But my point is applicable to pretty much the entire western world; the struggle of our great-^n-grandparents is the one against insanely bad working conditions in the XIX and early XX century. The one that gave us modern employment laws, which both my fellow millennials and gen-X'ers are trying hard to revert.

2 comments

This is backwards. It is a good economy that made those employment laws possible. The good times came first.

Overdoing those employment laws will strangle the economy, pushing us around the cycle to hard times. It is the "weak men" who push for this, trying to avoid even the modest amount of suffering that is required to be competitive.

Backing off on those laws will delay collapse.

You really don't want to see the collapse. At that point, employment laws count for nothing. You work illegally or you starve.

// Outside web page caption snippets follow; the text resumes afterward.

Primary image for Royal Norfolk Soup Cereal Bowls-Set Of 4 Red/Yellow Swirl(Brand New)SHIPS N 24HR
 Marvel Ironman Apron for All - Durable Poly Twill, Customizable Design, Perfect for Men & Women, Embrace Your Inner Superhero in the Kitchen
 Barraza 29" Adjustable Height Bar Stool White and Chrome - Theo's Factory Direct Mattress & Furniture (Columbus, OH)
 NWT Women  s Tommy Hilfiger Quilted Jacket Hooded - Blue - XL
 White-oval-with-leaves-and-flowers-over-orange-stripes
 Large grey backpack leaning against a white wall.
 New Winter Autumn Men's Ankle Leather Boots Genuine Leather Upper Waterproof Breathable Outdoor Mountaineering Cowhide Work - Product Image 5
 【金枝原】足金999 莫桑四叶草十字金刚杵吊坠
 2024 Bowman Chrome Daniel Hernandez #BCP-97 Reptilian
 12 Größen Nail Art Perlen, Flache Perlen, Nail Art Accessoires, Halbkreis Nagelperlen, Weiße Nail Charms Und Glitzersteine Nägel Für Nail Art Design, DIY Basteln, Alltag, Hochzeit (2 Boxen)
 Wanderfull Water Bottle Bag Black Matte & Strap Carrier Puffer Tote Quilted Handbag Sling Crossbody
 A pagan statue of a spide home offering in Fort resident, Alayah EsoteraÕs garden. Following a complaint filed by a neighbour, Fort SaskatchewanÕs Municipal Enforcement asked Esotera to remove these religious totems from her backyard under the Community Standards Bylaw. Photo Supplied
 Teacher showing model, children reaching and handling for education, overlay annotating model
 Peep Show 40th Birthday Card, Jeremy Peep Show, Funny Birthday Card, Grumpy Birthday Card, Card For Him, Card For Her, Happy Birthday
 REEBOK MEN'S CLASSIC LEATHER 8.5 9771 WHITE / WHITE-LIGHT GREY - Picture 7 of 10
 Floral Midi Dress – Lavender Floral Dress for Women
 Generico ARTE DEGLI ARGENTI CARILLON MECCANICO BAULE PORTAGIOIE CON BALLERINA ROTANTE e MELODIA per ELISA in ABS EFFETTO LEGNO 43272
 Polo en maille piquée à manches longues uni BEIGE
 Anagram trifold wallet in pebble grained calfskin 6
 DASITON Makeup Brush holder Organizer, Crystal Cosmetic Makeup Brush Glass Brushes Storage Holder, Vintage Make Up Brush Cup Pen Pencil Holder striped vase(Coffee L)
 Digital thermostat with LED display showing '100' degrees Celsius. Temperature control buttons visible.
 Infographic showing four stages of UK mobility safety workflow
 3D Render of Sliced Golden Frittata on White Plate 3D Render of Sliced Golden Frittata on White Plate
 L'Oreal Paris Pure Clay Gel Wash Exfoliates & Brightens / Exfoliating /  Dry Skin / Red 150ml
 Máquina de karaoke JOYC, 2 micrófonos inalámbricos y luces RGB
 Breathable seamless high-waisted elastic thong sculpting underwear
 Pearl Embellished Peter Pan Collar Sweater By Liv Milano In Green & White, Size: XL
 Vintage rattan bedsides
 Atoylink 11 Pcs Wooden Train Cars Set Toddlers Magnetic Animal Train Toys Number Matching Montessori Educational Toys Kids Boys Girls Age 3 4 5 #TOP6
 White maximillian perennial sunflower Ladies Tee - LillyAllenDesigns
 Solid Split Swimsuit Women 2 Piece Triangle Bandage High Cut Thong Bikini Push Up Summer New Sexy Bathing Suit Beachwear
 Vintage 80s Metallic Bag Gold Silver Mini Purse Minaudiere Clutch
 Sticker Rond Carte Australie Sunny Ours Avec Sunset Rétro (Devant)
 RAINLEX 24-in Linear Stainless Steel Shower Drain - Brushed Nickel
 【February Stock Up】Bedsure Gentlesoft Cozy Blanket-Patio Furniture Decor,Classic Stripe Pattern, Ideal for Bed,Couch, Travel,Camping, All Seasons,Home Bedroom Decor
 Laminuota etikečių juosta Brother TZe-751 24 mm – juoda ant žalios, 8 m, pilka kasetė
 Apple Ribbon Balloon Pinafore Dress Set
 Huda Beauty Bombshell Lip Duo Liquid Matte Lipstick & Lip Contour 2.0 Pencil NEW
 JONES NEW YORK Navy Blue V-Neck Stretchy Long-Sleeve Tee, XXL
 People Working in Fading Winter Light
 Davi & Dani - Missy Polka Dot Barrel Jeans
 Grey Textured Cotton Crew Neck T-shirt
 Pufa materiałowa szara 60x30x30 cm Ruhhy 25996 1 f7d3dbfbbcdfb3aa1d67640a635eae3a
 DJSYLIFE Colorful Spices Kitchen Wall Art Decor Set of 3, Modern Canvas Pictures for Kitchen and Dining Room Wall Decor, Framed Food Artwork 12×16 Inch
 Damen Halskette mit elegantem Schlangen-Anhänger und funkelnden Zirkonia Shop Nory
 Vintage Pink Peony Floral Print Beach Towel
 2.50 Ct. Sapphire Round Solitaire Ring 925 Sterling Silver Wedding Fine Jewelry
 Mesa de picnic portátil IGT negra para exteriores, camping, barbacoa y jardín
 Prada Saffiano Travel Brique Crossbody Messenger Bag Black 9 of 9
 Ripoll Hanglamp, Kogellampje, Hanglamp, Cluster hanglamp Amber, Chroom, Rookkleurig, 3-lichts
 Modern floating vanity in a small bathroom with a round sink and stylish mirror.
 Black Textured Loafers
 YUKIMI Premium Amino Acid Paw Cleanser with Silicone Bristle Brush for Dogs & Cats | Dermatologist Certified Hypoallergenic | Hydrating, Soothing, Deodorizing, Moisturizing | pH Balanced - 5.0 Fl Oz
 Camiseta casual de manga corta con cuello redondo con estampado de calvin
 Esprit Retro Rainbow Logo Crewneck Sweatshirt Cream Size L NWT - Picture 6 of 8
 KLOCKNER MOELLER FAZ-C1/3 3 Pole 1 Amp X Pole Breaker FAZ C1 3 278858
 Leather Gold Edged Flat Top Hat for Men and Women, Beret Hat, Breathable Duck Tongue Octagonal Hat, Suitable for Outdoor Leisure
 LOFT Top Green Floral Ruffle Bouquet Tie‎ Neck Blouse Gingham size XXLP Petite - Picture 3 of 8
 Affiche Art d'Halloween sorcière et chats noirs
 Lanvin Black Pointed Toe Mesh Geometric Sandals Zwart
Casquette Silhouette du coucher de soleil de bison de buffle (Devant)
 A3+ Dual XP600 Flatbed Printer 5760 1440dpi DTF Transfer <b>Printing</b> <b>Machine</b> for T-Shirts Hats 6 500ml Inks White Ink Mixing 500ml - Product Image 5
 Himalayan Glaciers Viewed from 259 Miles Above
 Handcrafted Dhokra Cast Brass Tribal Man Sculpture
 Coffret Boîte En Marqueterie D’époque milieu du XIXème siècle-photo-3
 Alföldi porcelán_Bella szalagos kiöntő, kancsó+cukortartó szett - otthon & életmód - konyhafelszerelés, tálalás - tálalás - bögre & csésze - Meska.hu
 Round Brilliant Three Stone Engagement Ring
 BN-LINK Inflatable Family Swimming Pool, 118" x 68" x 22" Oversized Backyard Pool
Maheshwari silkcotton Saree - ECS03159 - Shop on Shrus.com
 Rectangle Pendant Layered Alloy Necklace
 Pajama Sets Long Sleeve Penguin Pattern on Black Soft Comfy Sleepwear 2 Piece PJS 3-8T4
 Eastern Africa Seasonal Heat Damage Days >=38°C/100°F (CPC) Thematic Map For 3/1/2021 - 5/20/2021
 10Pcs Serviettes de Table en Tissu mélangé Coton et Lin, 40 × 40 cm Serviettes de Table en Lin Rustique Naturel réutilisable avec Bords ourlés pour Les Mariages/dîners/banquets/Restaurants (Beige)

This isn't backwards, unless somehow not touching employment laws is strangling the economy. Nobody is trying to overdo those laws; they're mostly fine, but businesses these days increasingly try to skirt them and make such practices the new default.
I am not an expert on Polish history, but afaik, Polish became to have current employment laws not because employer/employee clashes (which happened more on west - GB and USA). Polish tended to emigrate.

The Polish history and current laws have a lot to do with legacy of Communism and how it came to be. Early XX century was more about moving toward war and then being in war and Russian threat.